Two years ago, I used. NET 2.0 as a reverse proxy server. Over the past two years, I have been constantly modifying bugs and optimizing performance, greatly improving availability. I have encountered a functional requirement recently and cannot find an effective solution. I have to come and consult with you.
Let's talk about the working mechanism of reverse proxy first.
1. When the client accesses the reverse proxy through a browser, an HTTP request is sent. When the reverse proxy receives the TCP connection, create a new session to process this request (beginaccept, endaccept );
2. The session object establishes a delegate for receiving data from the client and starts to asynchronously read data (beginread );
3. When data is obtained, it enters the callback function for asynchronous reading and starts to process data (endread );
4. Check whether the connection between the reverse proxy and the server has been established. If no connection is established, you must first establish a connection (connectserver) and establish an Asynchronous Server read delegate (beginread );
5. Write Data to the server asynchronously (beginwrite );
6. Recreate the client asynchronous read delegate (beginread) and return to 3;
7. When receiving the data returned by the server, the data is asynchronously written to the client (beginwrite) after processing );
8. Re-establish the server asynchronous read delegate (beginread) and return to 7;
All data transmission is completed asynchronously, but data processing needs to be written for the business at 3 and 7.CodeYou can.

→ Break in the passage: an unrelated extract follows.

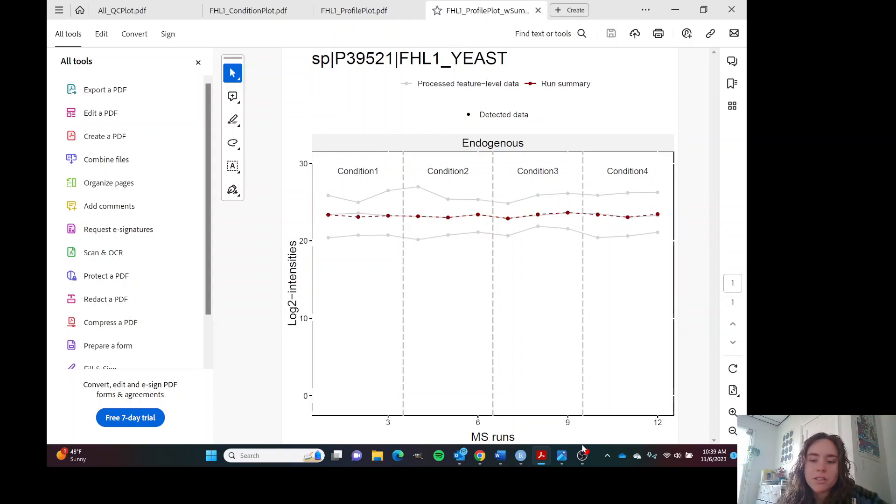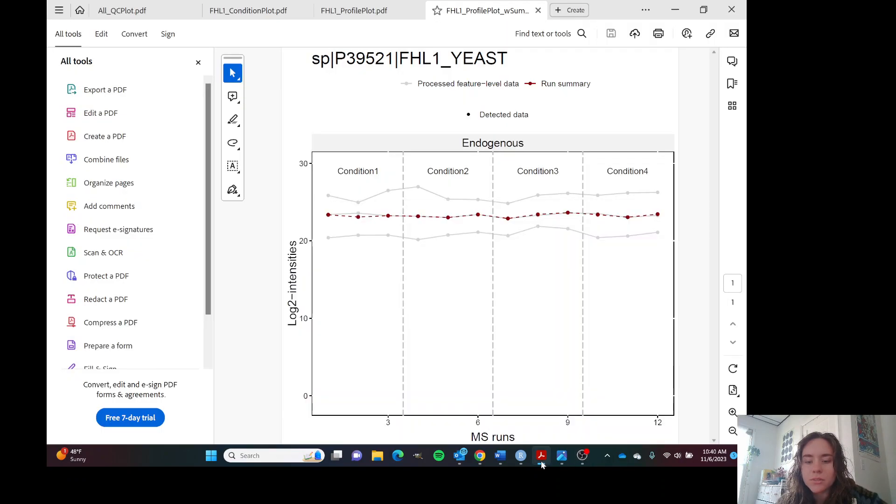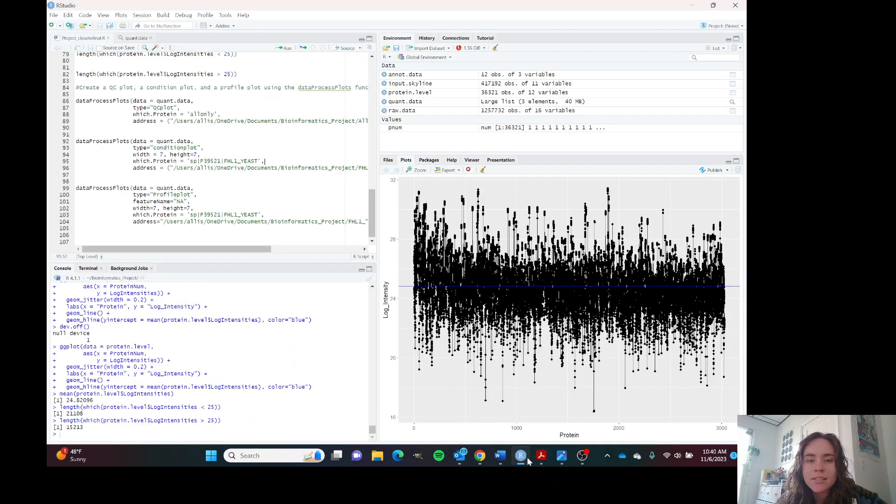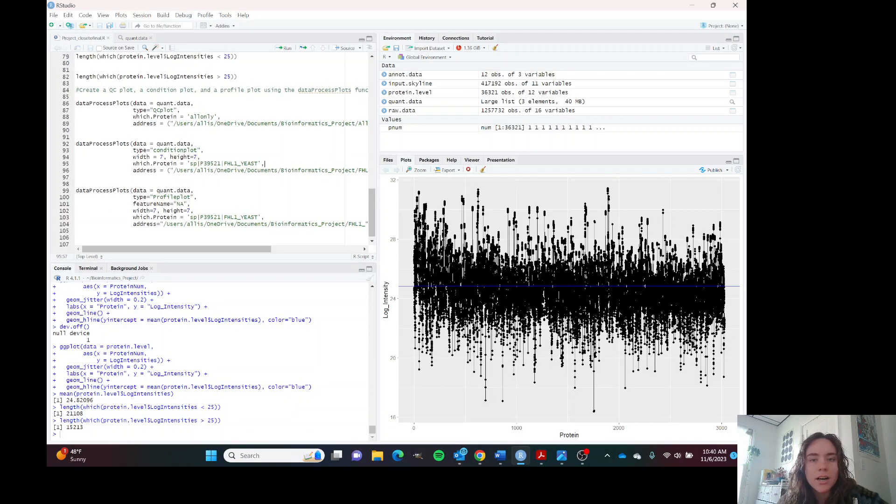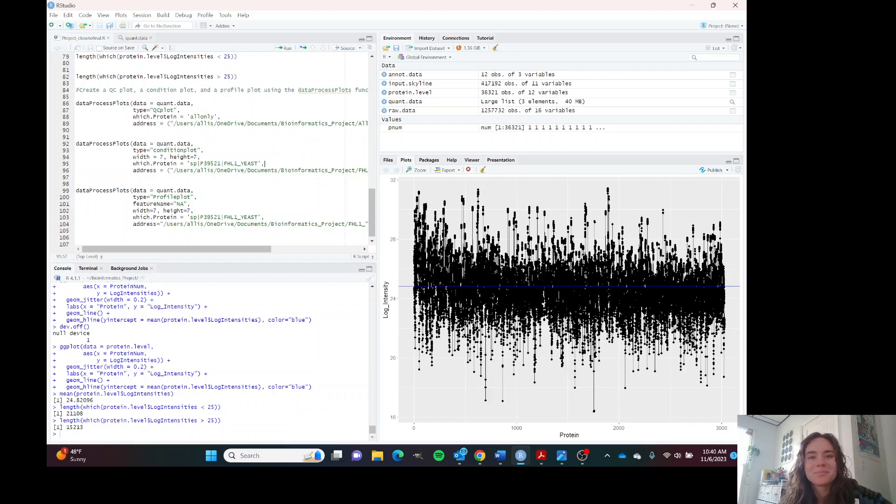These are the plots that we were able to make using MSStats and using ggplot. Thank you and let me know if you have any questions. My email is in my manual.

In fact, for reverse proxy, you only need to process the data sent from the client. You need to replace the HTTP Host header with the actual server, and for the server response data, you only need to send it to the client as it is.
In step 3, we only know that the data sent from the client is received, but we do not know whether the data is an HTTP request header or a complete HTTP request header. Fortunately, for reverse proxy, you do not need to worry about whether it is a complete HTTP Request Header. You only need to check whether it is an HTTP request header. If yes, modify the host. Here, I assume that the first packet in the HTTP request must be an independent packet and will not "stick" to the end of the last data packet in the TCP connection, in this way, you can directly use the format specified by the HTTP protocol to check whether the packet is an HTTP request header. Although this assumption has no basis, it is indeed very effective.
ProgramAfter two years of work, there is no problem.
However, the problem arises. There is a requirement that you can replace a string on the page returned by the server with the specified string. For example, if I use a reverse proxy to point to the blog garden, I need to change all the connections using the absolute path on the blog garden page to the connections pointing to the reverse proxy server. This requires processing data in Step 7, converting the data into a string, replacing the link, and then sending it to the client.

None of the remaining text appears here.